3. Increasing Exports and diminishing trade deficit. Currently, trade deficit of the country is 49 billion USD, ironically a country that has fertile land and is known as agricultural country imports food items of 8 billion USD annually. There is a dire beed to solve the issues of exports such as: no fix rate of energy, laws related to the FDI, ending protected market for selling goods by our companies, and starting competition among them, etc. for overcoming trade deficit. In the presence of such a gigantic trade deficit,  ending debt trap will remain a dream. 

4. Population bomb. We are adding 5.5 million in our population every year with a growth of 2.4%. Estimatedly, it will amplify to 300 million by 2030 and 403 million by 2050 from current population of 208 million. This is alarming. Overpopulation destroys every economic planning, demand and supply, increases food and water demands, and it brings inflationary pressure. Regrettably, the government has no policy for controlling it. Untill and unless we control population bomb, we will continue to be trapped in the vicious cycle of debt. 

5. Bad governance and Corruption. How can one expect economic recovery in the absence of bad governance and corruption?  According to the transparency international Pakistan rank is 140/180 in corruption index. Sadly, the institution of ending corruption the NAB as become a toll of political victimization rather then focusing on eradicating embezzlement. Moreover, many development projects are not completed on annual basis and go on for years which ultimately cost more to the exchhequr. Despite taking many years and huge sum of money the quality of the projects remained unsatisfactory. As the country observed that during the ongoing flood many newly constructed dams particularly in the province of Balochistan were swept away by flood waters.

Notwithstanding, malgovernance is damaging the country like Termite.
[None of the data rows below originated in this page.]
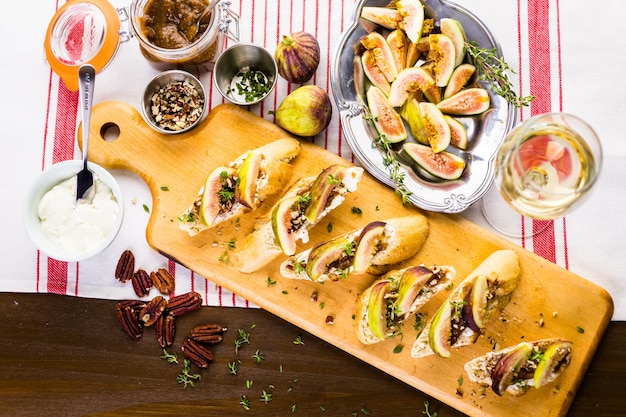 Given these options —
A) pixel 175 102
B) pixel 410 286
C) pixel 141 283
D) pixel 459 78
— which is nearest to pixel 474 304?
pixel 410 286

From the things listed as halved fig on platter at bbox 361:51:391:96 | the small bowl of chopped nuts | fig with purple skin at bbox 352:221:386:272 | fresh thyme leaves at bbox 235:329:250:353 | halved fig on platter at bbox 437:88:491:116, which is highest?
halved fig on platter at bbox 361:51:391:96

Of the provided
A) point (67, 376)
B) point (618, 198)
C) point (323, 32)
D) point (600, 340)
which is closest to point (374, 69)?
point (323, 32)

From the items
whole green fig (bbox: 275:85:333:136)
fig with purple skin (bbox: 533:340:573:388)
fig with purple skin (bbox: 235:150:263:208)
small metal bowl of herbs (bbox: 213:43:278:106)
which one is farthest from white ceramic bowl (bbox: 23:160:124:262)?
fig with purple skin (bbox: 533:340:573:388)

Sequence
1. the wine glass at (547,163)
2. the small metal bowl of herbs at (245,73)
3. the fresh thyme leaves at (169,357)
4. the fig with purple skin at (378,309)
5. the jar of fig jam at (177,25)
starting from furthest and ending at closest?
the fresh thyme leaves at (169,357), the small metal bowl of herbs at (245,73), the jar of fig jam at (177,25), the fig with purple skin at (378,309), the wine glass at (547,163)

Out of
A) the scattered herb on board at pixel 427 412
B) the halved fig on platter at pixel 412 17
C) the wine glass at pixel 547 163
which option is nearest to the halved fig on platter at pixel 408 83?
the halved fig on platter at pixel 412 17

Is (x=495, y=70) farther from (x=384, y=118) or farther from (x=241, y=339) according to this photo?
(x=241, y=339)

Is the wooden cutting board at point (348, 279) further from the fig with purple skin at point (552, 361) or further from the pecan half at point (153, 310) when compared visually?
the pecan half at point (153, 310)

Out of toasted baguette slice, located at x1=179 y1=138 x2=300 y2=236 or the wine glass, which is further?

Ex-finanace minister Miftah Ismail writes that from 2 gasfields in Sui Unaccounted for Gas (UFG) is a huge issue that is responsible for loss of 2 million dollar monthly. He says that it is unknown whether this is due to theft or leakage. He further asserts that Discos have failed to collect 17 percent of bills. It means 34 percent of electricity is lost or stolen. This is the worst kind of mismanagement. On one side, the country is at the verge of shortage of Dollar while on the flip side, it is bening smuggled to Afghanistan. It is testifies another governance debacle. Bloomberg writes that 5 million dollar are smuggled every day to Afghanistan.

Pakistan is in the clinches of vicious debt trap that has made its sovereignty at stake. It has been 7 decades that loans over loans have been taking for which interests over interests are being paid. It is still nonstop. We must make our home in order first and fomulate holistic policies with respect to end subsidies, tax reforms, reducing trade deficit, diminishing expenditures, enhancing resources, ending corruption, cementing governance system, focusing on agriculture sector, etc. The fault, dear Brutus, is not in our stars, But in ourselves, that we are underlings.